**YOUR GOAL**
Quote exactly the lines from the one with "Nannotrigona perilampoides" to the end of the data, both included; omit the pictures.

**INFORMATION SHOWN**
——

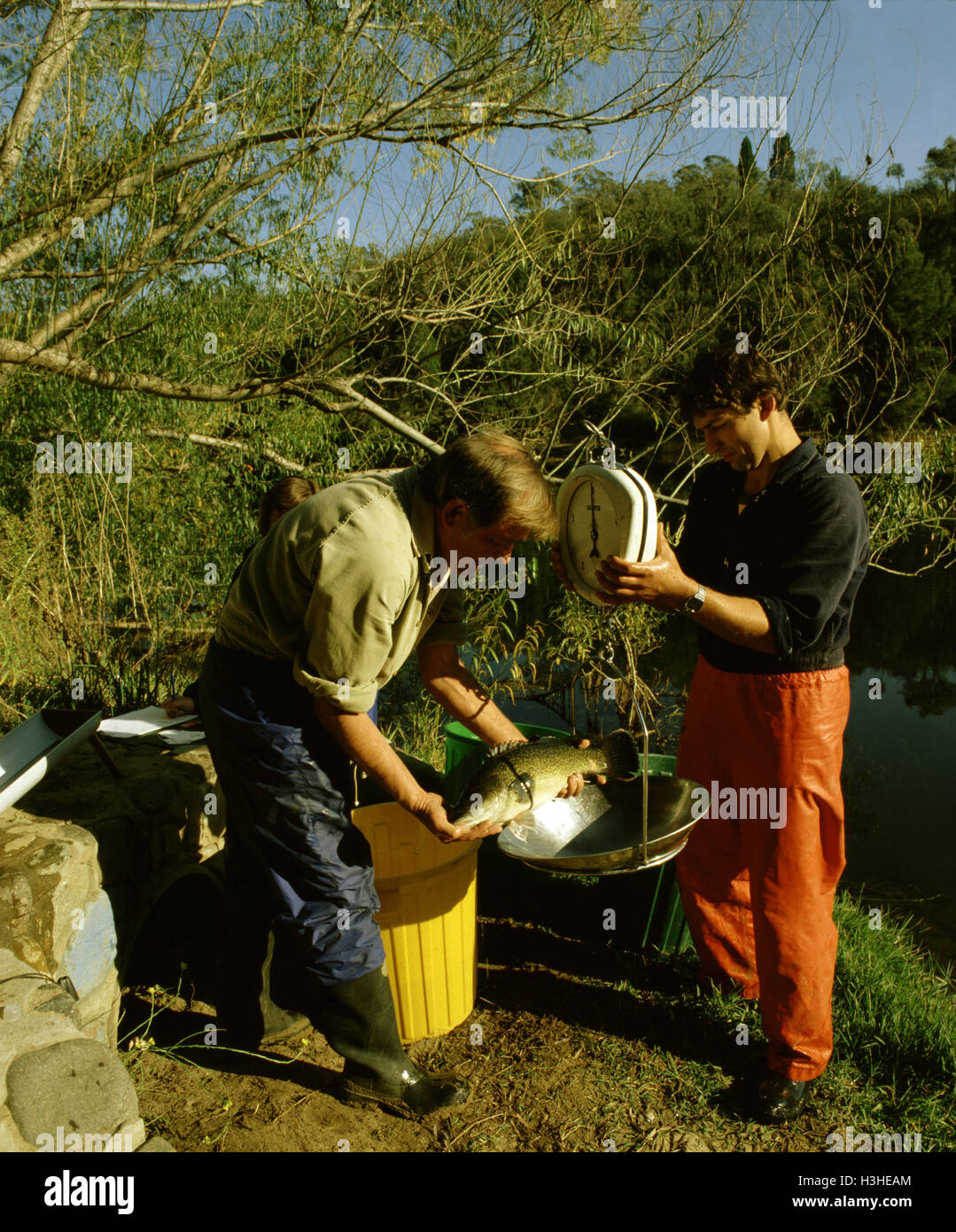 Murray-Dorsch (Maccullochella Peelii) Stockfoto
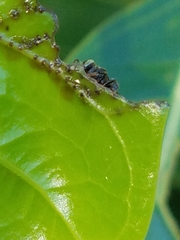 Nannotrigona perilampoides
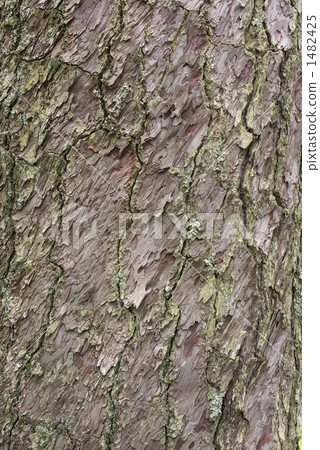黑松樹皮 1482425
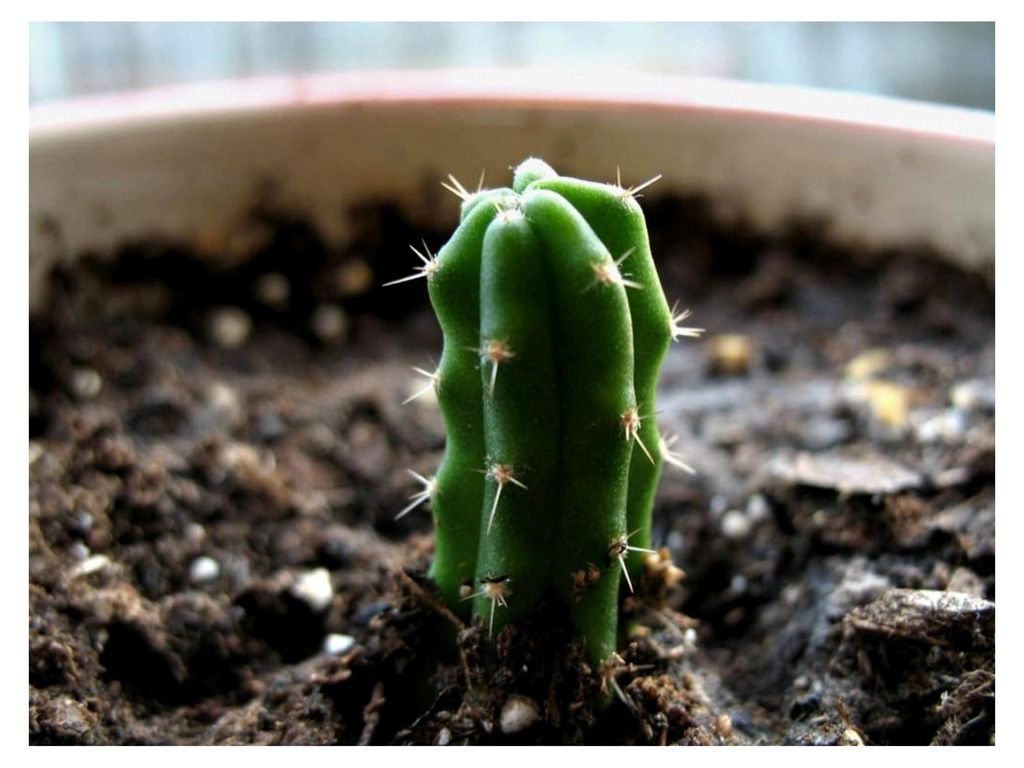 Trichocereus Boliviensis 50 Samen - San Pedro Kakteen Kaktus (Mit Anzuchtanleitung)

——

**RESULT**
 Nannotrigona perilampoides
黑松樹皮 1482425
 Trichocereus Boliviensis 50 Samen - San Pedro Kakteen Kaktus (Mit Anzuchtanleitung)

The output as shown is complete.